La Dre Gauvin a reconnu ses fautes et plaidé coupable aux cinq chefs déposés contre elle, peut-on lire dans un jugement émis par le conseil de discipline de l’Ordre le mois dernier. La vétérinaire a été radiée pour trois semaines et a reçu des amendes totales de 5500 $.

Au moment des faits, après avoir été prévenu de ce qui était arrivé à son chien, l’homme était allé le chercher et visiblement contrarié, il avait quitté les lieux sans payer et sans même permettre à la vétérinaire de retirer le cathéter et de lui prescrire des antidouleurs. Il a amené son Yorkshire dans un hôpital vétérinaire où une deuxième intervention sous anesthésie a été pratiquée.

La nouvelle vétérinaire a noté qu’il y avait seulement deux points de suture visible dans la bouche de l’animal et «tous les autres sites d’extraction sont laissés ouverts», mentionne le conseil de discipline dans son jugement. «L’os alvéolaire est visible au niveau du maxillaire droit et présente des saignements», indique le document.

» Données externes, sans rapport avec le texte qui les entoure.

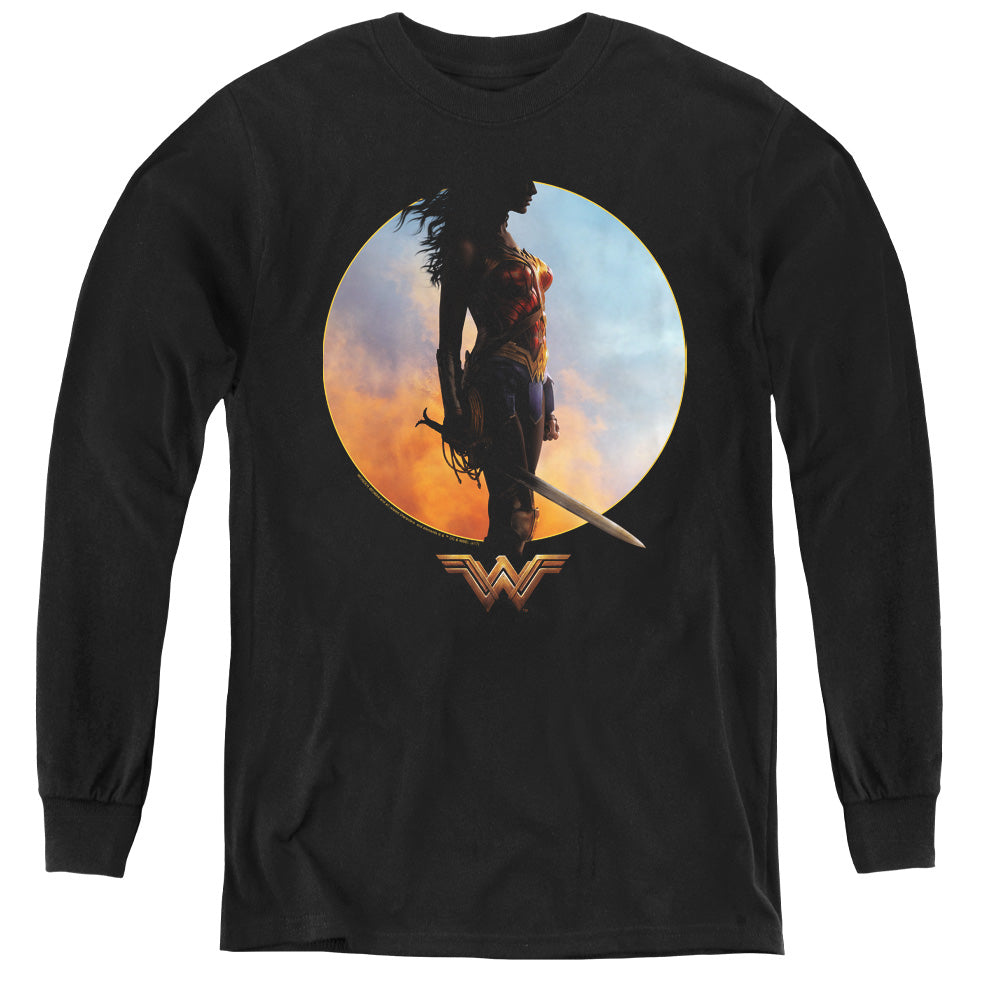 Wonder Woman Movie Wisdom And Wonder Long Sleeve Kids Youth T Shirt Black Officially Licensed
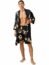 SOLY HUX Men's Silk Bathrobes Long Sleeve Satin Kimono Robe with Shorts Sleepwear Set Apricot M
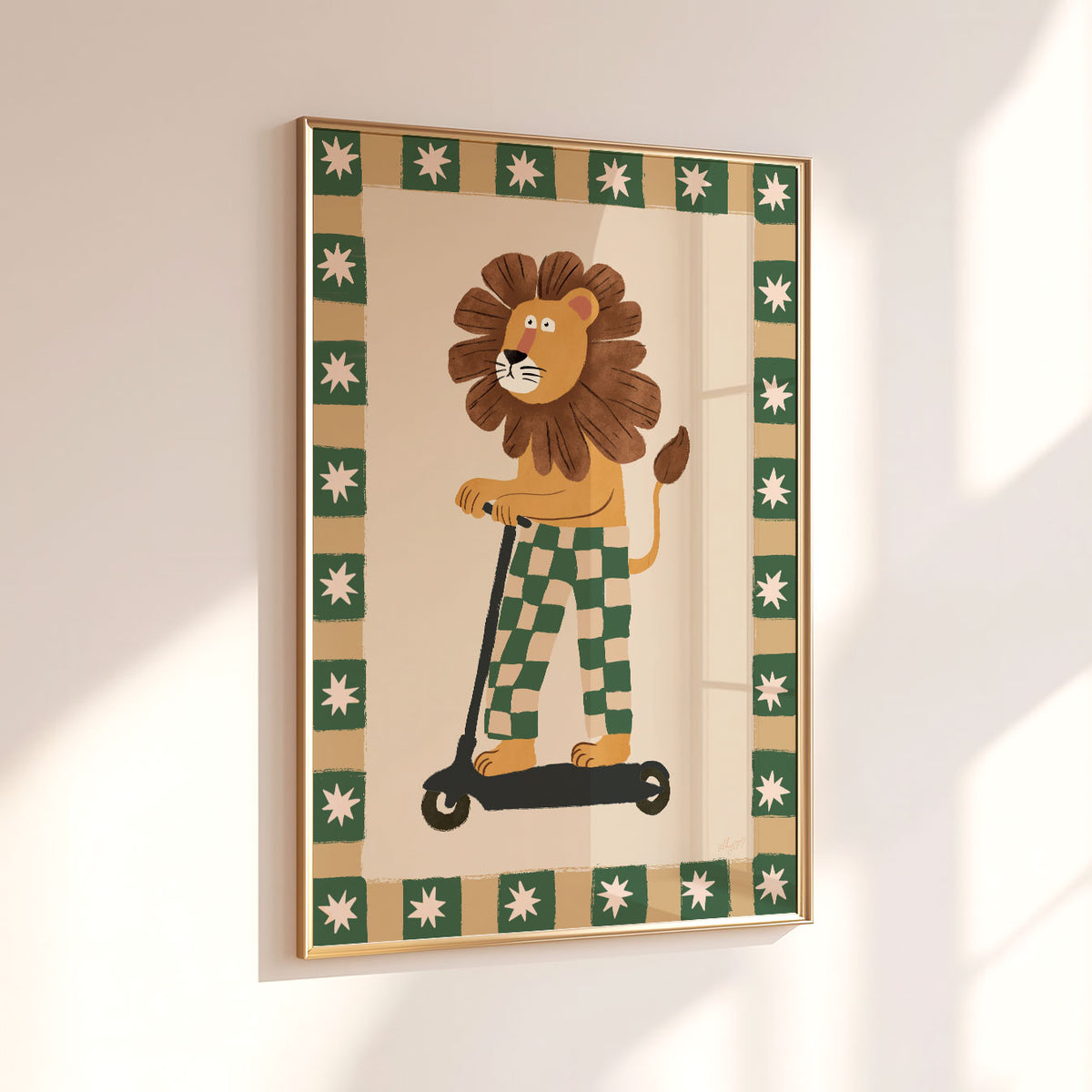 Scooter lion kids wall art featuring a playful lion with a large brown mane and checked green trousers.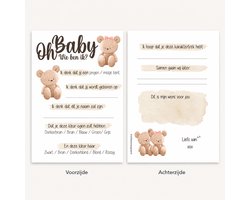 20 Gender Reveal kaarten - Babyshower invulkaarten - Baby invulkaarten - Babyshower kaarten - invulkaarten baby - Babyvoorspellingen - Babyshower - Babyshowerspelletjes - Gender Reveal -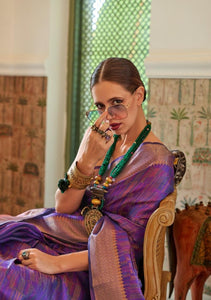 Organza silk two tone saree collection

Par ailleurs, un rapport accablant réalisé par un expert a mis en lumière que l’analgésique utilisé par la Dre Gauvin avant d’enlever les 19 dents du petit chien n’était pas suffisamment puissant pour procéder à des extractions dentaires.

À la suite de cette affaire, la vétérinaire Gauvin a dû suivre plusieurs formations afin d’améliorer sa pratique en dentisterie animale.

Le conseil de discipline l’a aussi condamnée à acquitter les frais de l’autre vétérinaire qu’était allé voir l’homme avec son chien après sa malheureuse expérience.